十数年前、ユニコーン企業がほとんどなかった英国やドイツは、政府が後押ししてエコシステム整備を進め、今やシリコンバレーのような環境をつくり上げています。日本ではグロース市場の上場維持基準の厳格化が注目されていますが、他にも、エンジェル投資の税額控除を充実させてリスクマネーの裾野を広げる、海外投資家やグロースファンドが参入しやすい環境を整えるといった施策を国を挙げて進めていくことで、時価総額500億円以上で上場するスタートアップを増やしていく必要があります。

──日本のスタートアップがグローバルで戦う上での「勝機」はどこにあると考えますか。

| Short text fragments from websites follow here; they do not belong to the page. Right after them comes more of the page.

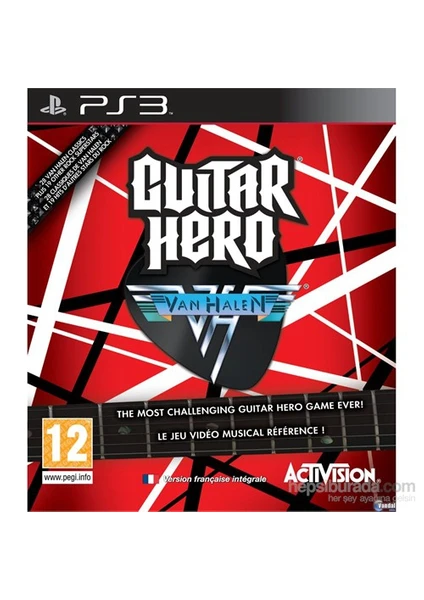 Guitar Hero Van Halen Ps3 Oyun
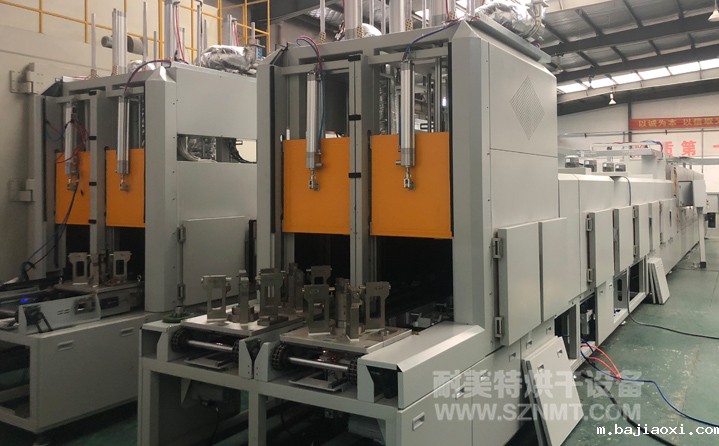 新能源汽车驱动电机烘干与冷却线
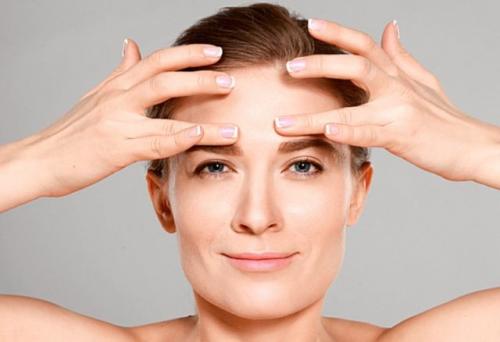 Морщины на лбу, как убрать в домашних условиях. Фейсбилдинг для упругости
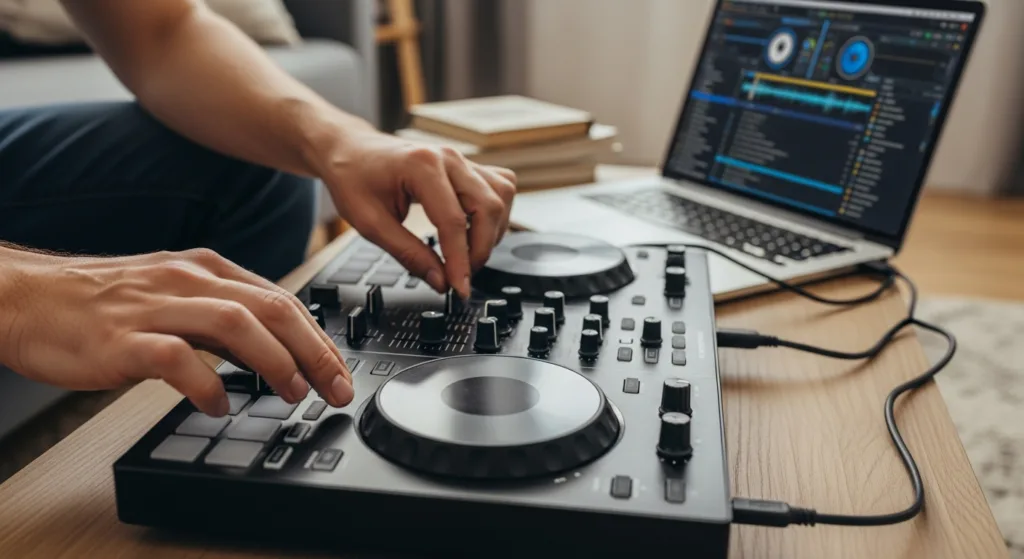 DJ werden als Anfänger: Welches DJ-Pult passt zum Einstieg?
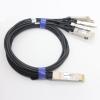 400GBASE-CU DAC Cable 30AWG, 1.5m(4.92ft) QSFP-DD to 8 * 50G SFP56 Breakout Passive Direct Attach Cable Compatible for NVIDIA, Router, Network Device view 1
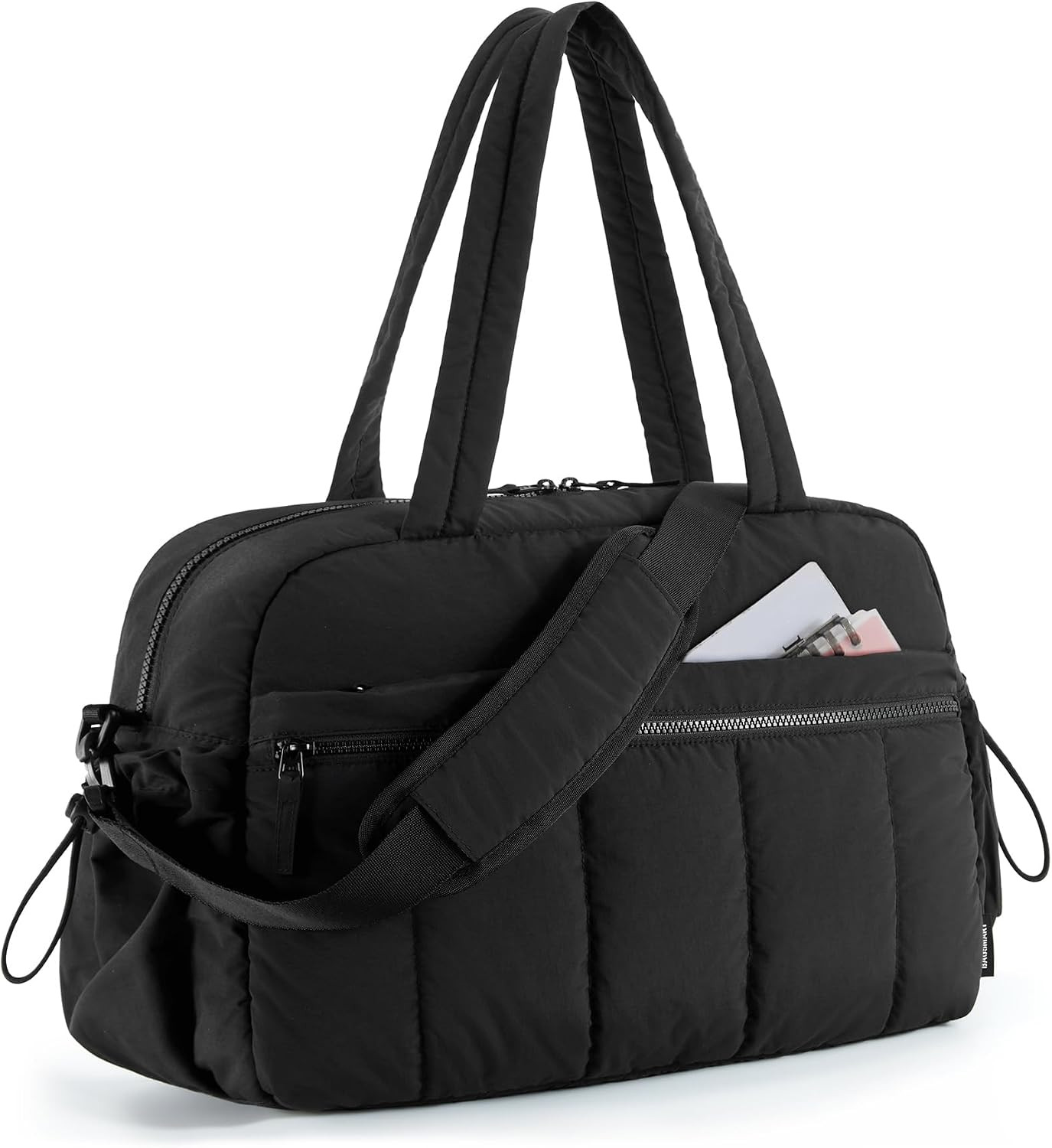 BAGSMART Duffle Bag for Travel, Gym Bag for Women, Weekender Carry on | Amazon (US)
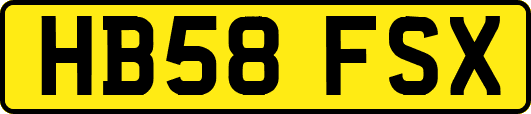 HB58FSX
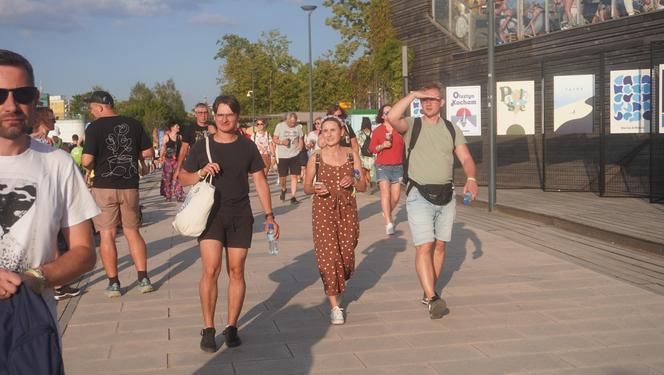 Olsztyn Green Festival 2024. Tłumy na plaży miejskiej. Zobacz zdjęcia z drugiego dnia!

仁位:歴史的に見ても、ゼロイチの破壊的なイノベーションは海外から生まれることが多いです。しかし、それを改善し、顧客に寄り添ったかたちにする「すり合わせ」や「おもてなし」の技術は、日本人が世界で最も得意とする領域です。車は日本で発明されたわけではありませんが、乗りやすい車を最終的に作り上げたのはトヨタでした。AIエージェントの時代において、この「かゆいところに手が届く」ラストワンマイルの作り込みこそが、日本のチャンスになります。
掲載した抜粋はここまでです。